I have a big bunch of xml
-files, which I need to process. For that matter I want to be able to read the files, and save the resulting list of objects to disk. I
xml2 objects have external pointers that become invalid when you serialize them naively. The package provides xml_serialize()
and xml_unserialize()
objects to handle this for you.

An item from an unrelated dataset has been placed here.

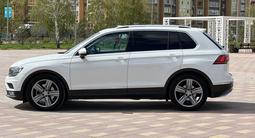 Volkswagen Tiguan 2017 года за 12 490 000 тг. в Костанай – фото 4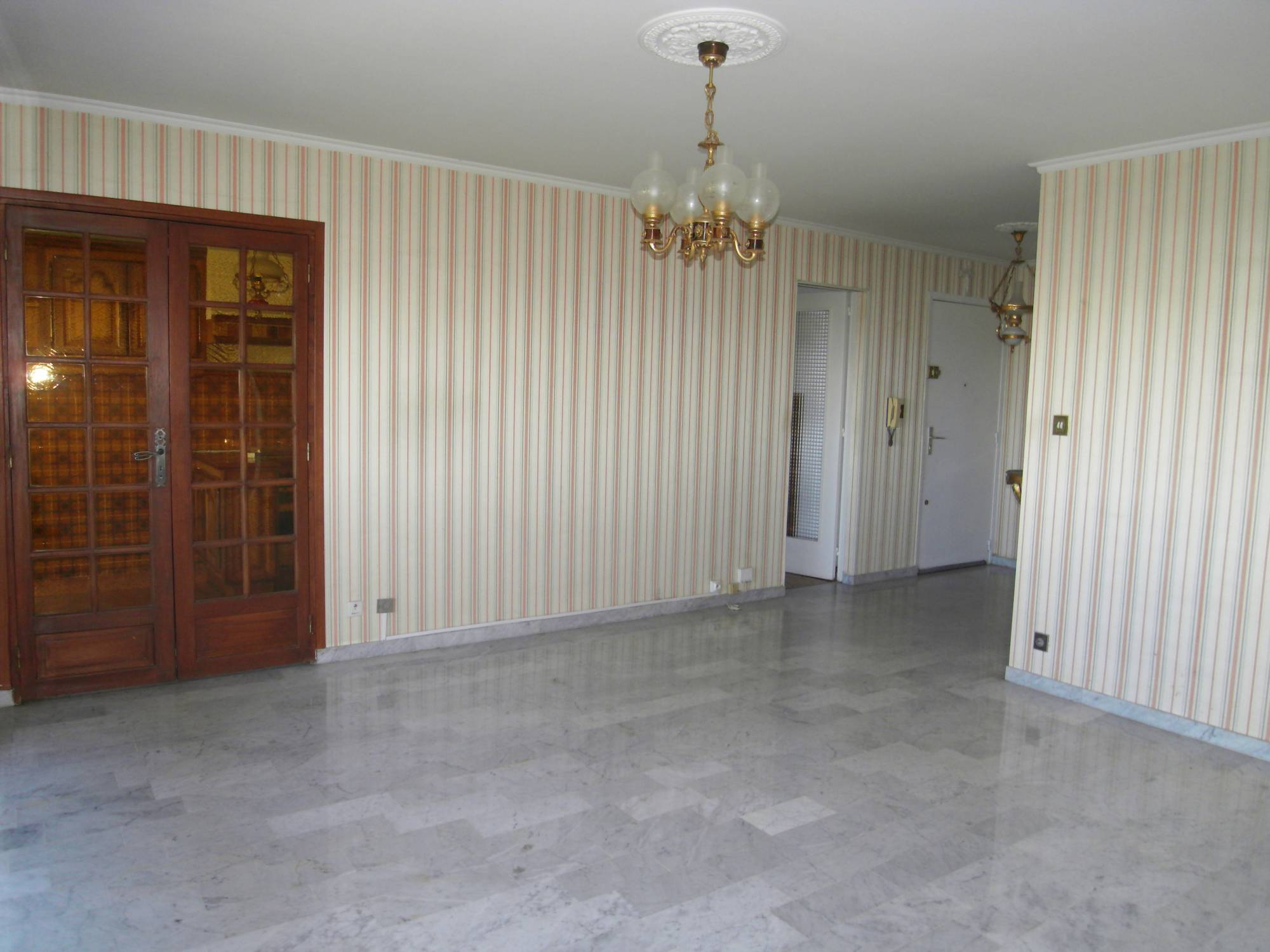 A vendre appartement t4 à Marseille Saint Barnabé 13012, balcon et cave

Unfortunately the API is slightly cumbersome because base::serialize()
and base::unserialize()
assume an open connection.
library(xml2)
x <- read_xml("<foo>
<bar>text <baz id = 'a' /></bar>
<bar>2</bar>
<baz id = 'b' />
</foo>")
# function to save and read object
roundtrip <- function(obj) {
tf <- tempfile()
con <- file(tf, "wb")
on.exit(unlink(tf))
xml_serialize(obj, con)
close(con)
con <- file(tf, "rb")
on.exit(close(con), add = TRUE)
xml_unserialize(con)
}
x
#> {xml_document}
#> <foo>
#> [1] <bar>text <baz id="a"/></bar>
#> [2] <bar>2</bar>
#> [3] <baz id="b"/>
(y <- roundtrip(x))
#> {xml_document}
#> <foo>
#> [1] <bar>text <baz id="a"/></bar>
#> [2] <bar>2</bar>
#> [3] <baz id="b"/>
identical(x, y)
#> [1] FALSE
all.equal(x, y)
#> [1] TRUE
xml_children(y)
#> {xml_nodeset (3)}
#> [1] <bar>text <baz id="a"/></bar>
#> [2] <bar>2</bar>
#> [3] <baz id="b"/>
as_list(y)
#> $bar
#> $bar[[1]]
#> [1] "text "
#>
#> $bar$baz
#> list()
#> attr(,"id")
#> [1] "a"
#>
#>
#> $bar
#> $bar[[1]]
#> [1] "2"
#>
#>
#> $baz
#> list()
#> attr(,"id")
#> [1] "b"
Also in regards to the second part of your question, I would seriously consider using XPATH expressions to extract the desired data, even if you have to rewrite code.